The lunchroom a few days ago discussed price gouging, among other earthquake related topics. Seamus proposed a very nice solution to a few linked problems; as he's been rather quiet here of late, I figured I might as well write it up on his behalf. All errors in the proposal as interpreted by me are, of course, attributable to him.
First, we know that the Earthquake Commission invests stupidly heavily in domestic assets - in particular, government securities. The appeal of investing these things domestically seems insurmountable, regardless of how much downside risk it exposes us to.
Second, we know that people hate profiteers. They get angry at the idea that anybody might earn excess profits because of somebody else's suffering, even if that's the most efficient solution to the problem and is most effective in making everybody better off in the long run. Better, they reckon, that everyone starve equally than that prices adjust to give an incentive for folks to bring food into the region, with richer folks potentially first in line. This gives governments a derived demand for stupid policies.
Seamus's tidy solution: get the Earthquake Commission out of government assets and reallocate investment to a portfolio of domestic stocks that we expect to jump in case of an earthquake. We could identify those reasonably easily just by looking at NZX data from the past couple weeks.
Now, who earns the rents when prices jump in the wake of a disaster? The folks who owned stock in the companies getting the rents prior to the price move. If the government's earthquake compensation portfolio is weighted towards assets that are likely to increase in value after an earthquake and are likely to increase most if nobody mucks around with prices, then government has stronger incentive not to give in to populist pressures to interfere with prices.
Problem with the solution: we have a very thin stock market. Total capitalization of the NZX building-sector stocks was about $5 billion end August (about $6 billion now) - not far off from the total purported value of the Earthquake Commission's holdings. And we'd hardly want EQC having more than a minority stake in anything lest we start seeing political interference in private companies through government stock holding.

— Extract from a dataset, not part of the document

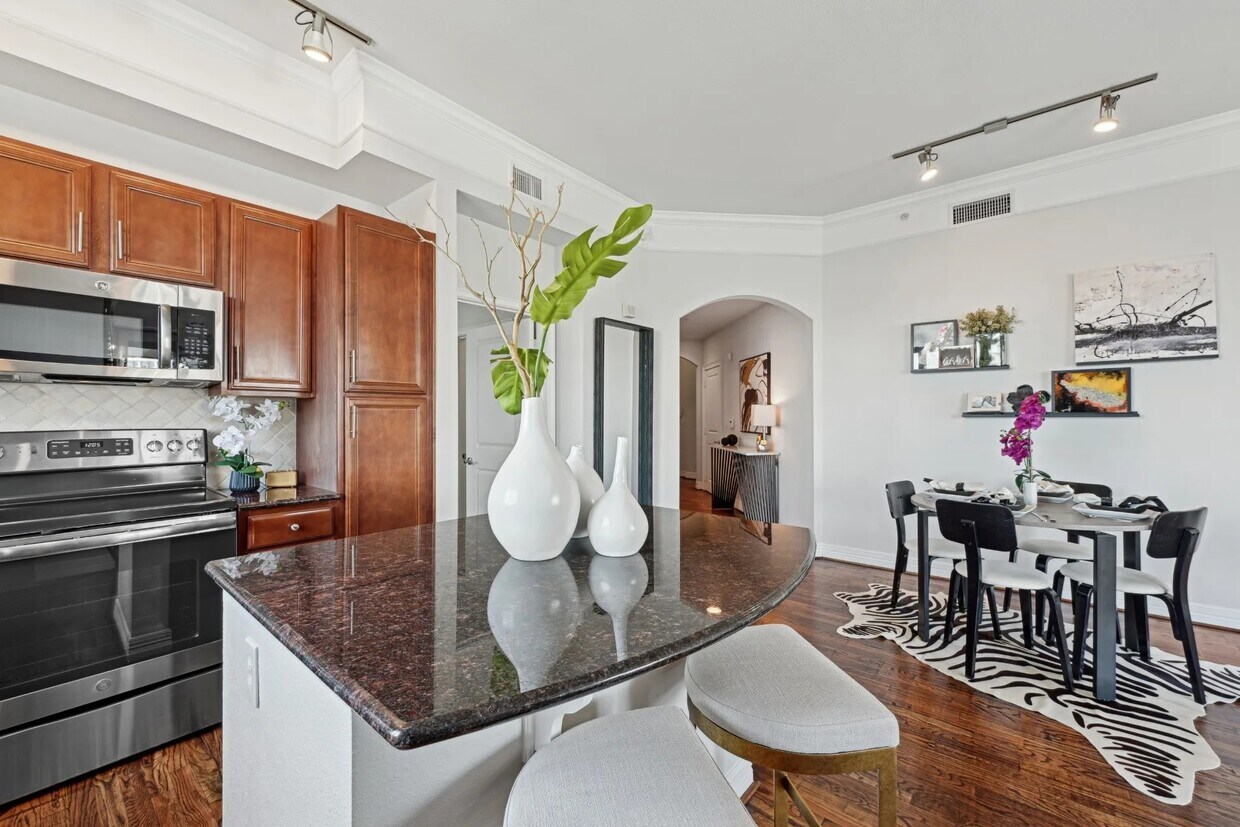 Foto principal - City Living with a Touch of Luxury!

But EQC taking a 5-10% stake in the building sector, across the board, to replace other parts of its domestic exposure, doesn't seem crazy. At least it's far less crazy than having those assets in the parts of the domestic sector expected to drop in value if the insured event transpires.
To be clear: I still can't see any case for EQC holding domestic assets, and I don't get why this isn't all just handled through reinsurance anyway rather than by having EQC hold an asset portfolio. But this would be better than status quo.